他们不懂,这发生过亲密关系的和没发生过亲密关系的相处气氛自然不同。
赶紧将目光从黏黏糊糊的两人中挪开:“怎么不一样了!”
“我的炭不起烟,没有味道,不呛人!”许怀谦将白炭的优势说了出来。
“不可能。”裴望舒摇摇头,他家铺子用炭最多,最有话语权,“世上就没有不起烟的炭!”

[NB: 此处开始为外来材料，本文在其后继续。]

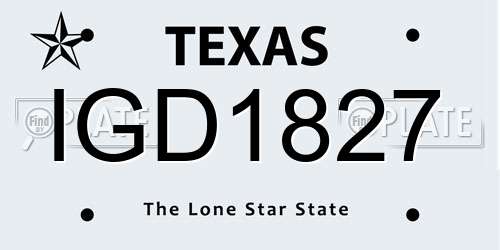 IGD1827 Texas License Plate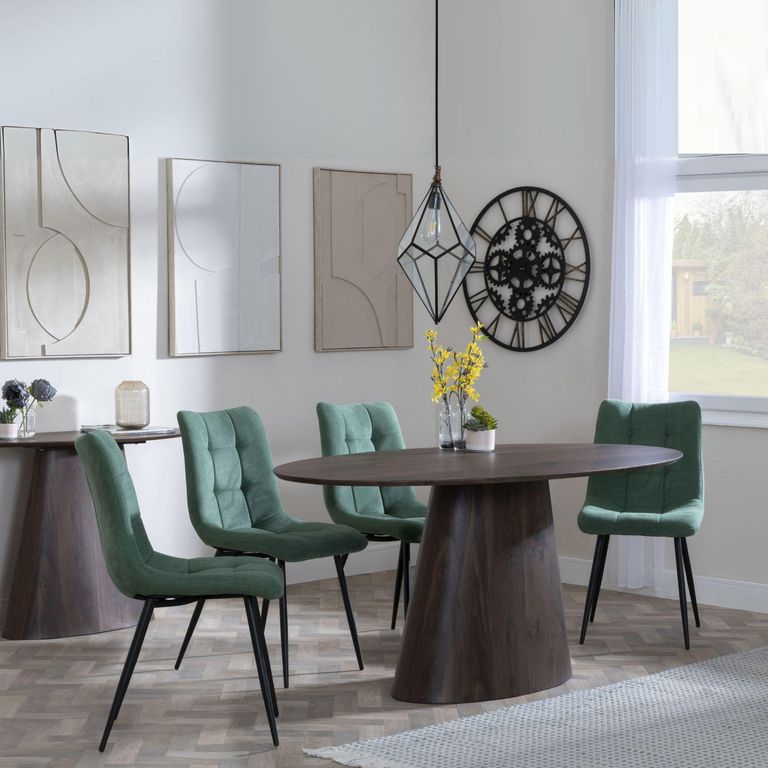 Palma Walnut Oval Dining Set - Corona Green Fabric Chairs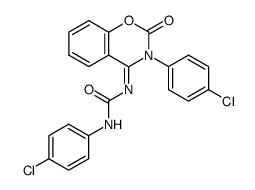 4-[N-[N-(4-chlorophenyl)carbamoyl]imino]-3-(4-chlorophenyl)-2H-1,3-benzoxazin-2-one结构式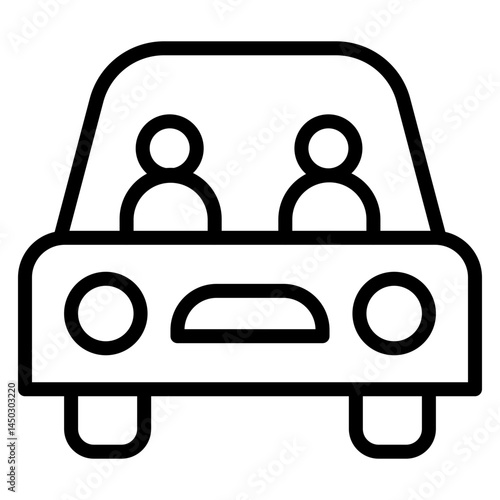 Carpool Icon Vector Line Icon Design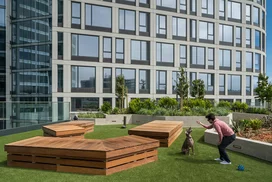 Private 5,600-square-foot landscaped rooftop dog park.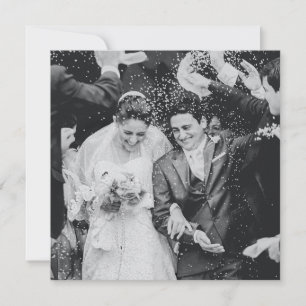 Vintage Pink Rose Lace Square Wedding Photo Thank  You Card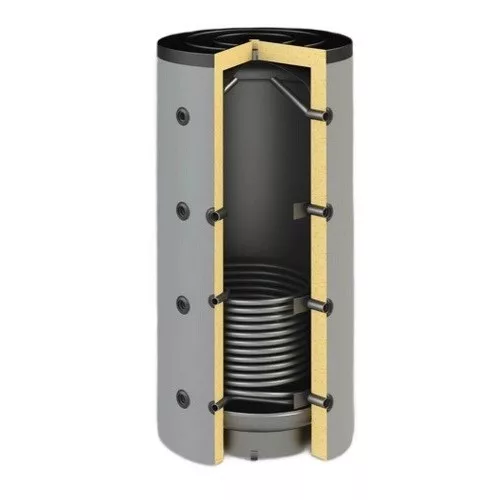 Sunsystem fűtés puffertartály, 1 hőcserélővel, szigeteléssel, PBM R1  300*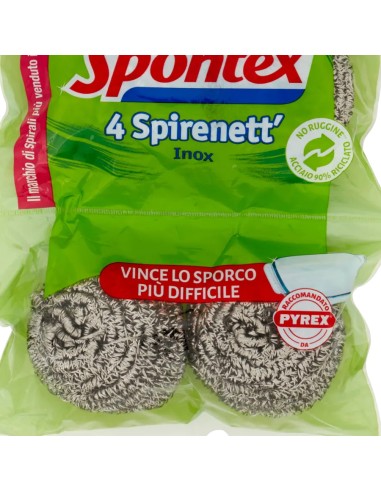 spontex spirenett spugne metalliche inox 4pz - pagliette abrasive: tuttocasashop.live: pulizia e cura della casa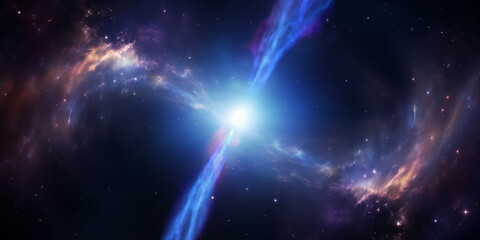 Quasar présentant un jet bipolaire de plasma émis par un trou noir supermassif actif caché en son centre - obrazy, fototapety, plakaty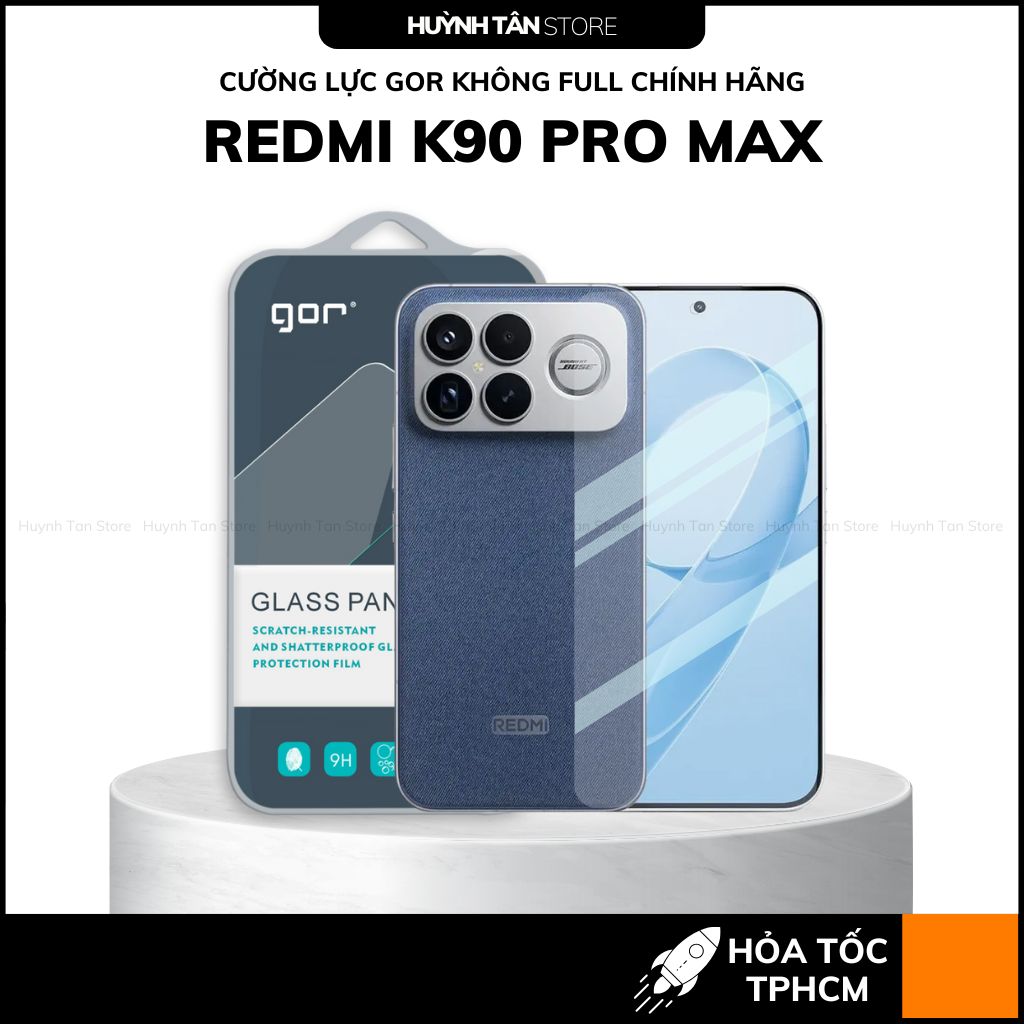 Kính cường lực trong suốt redmi k90 pro max k80 k70 ultra k60 k50 k40 KHÔNG FULL MÀN chống bám vân tay chính hãng GOR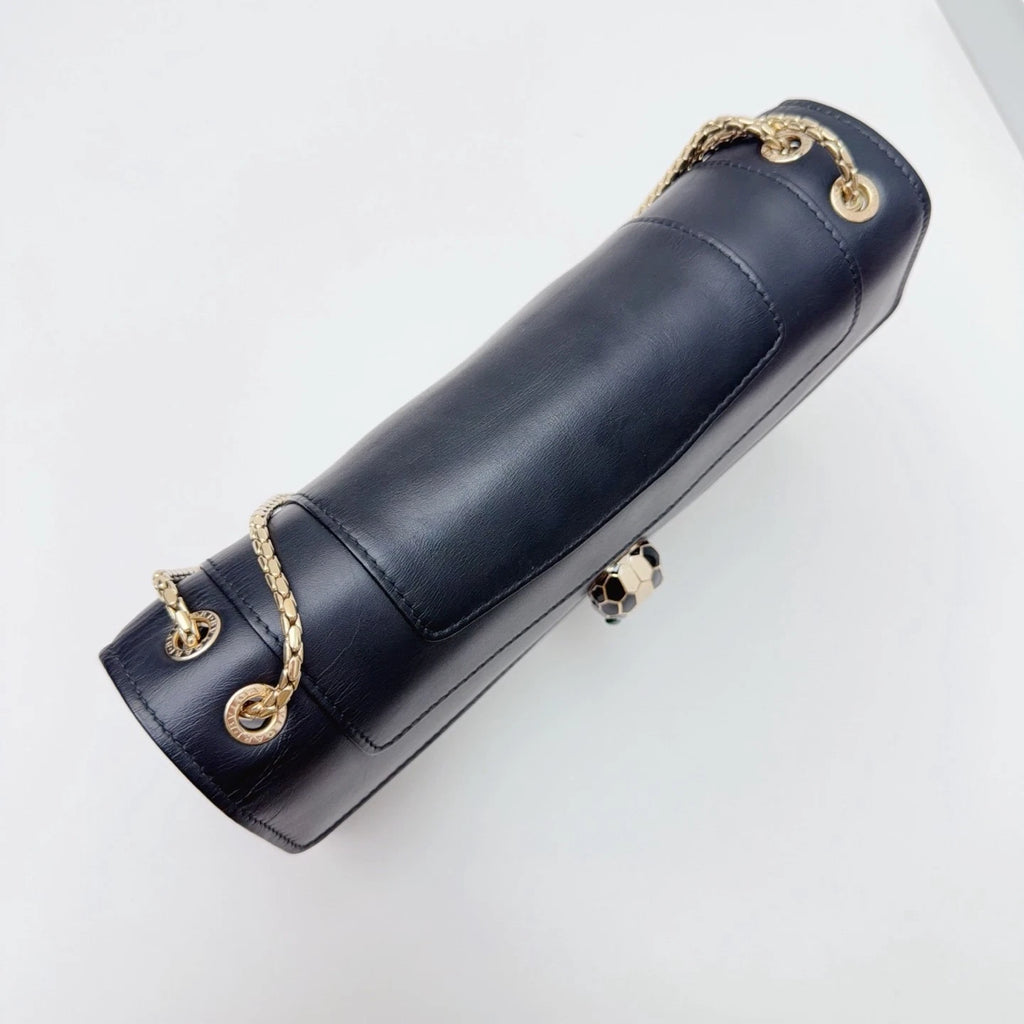 BVLGARI Serpenti Black Calf Leather Shoulder Bag Women Fashion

他家铺子每年买不少炭,各式各样的都有,有好一点的成块的,有差一点的碎炭,不管什么样的炭,他都有一股呛人的煤炭味。
“阿酒,给他们点上一火盆。”见他不信,许怀谦也不跟他杠,直接让陈烈酒上了,耳听为虚眼见为实。
许怀谦还没有把想要买炭给同窗的想法说给陈烈酒听,刚陈烈酒坐在他们这桌,自己突然想到了,他是不是可以把炭卖给书院?
书院的学子大冬天的上课冻手吧?来点上他们的炭吧!
书院的夫子批改课业坐着冷吧?来点上他们的炭吧!
用过他们的这种好炭,回家应该再也看不上黑炭吧?来买点他们的炭回去!
陈烈酒算过了,一车黑炭都够一个普通家庭用上一个冬了,省点还用不完。一车白炭就更不用说了。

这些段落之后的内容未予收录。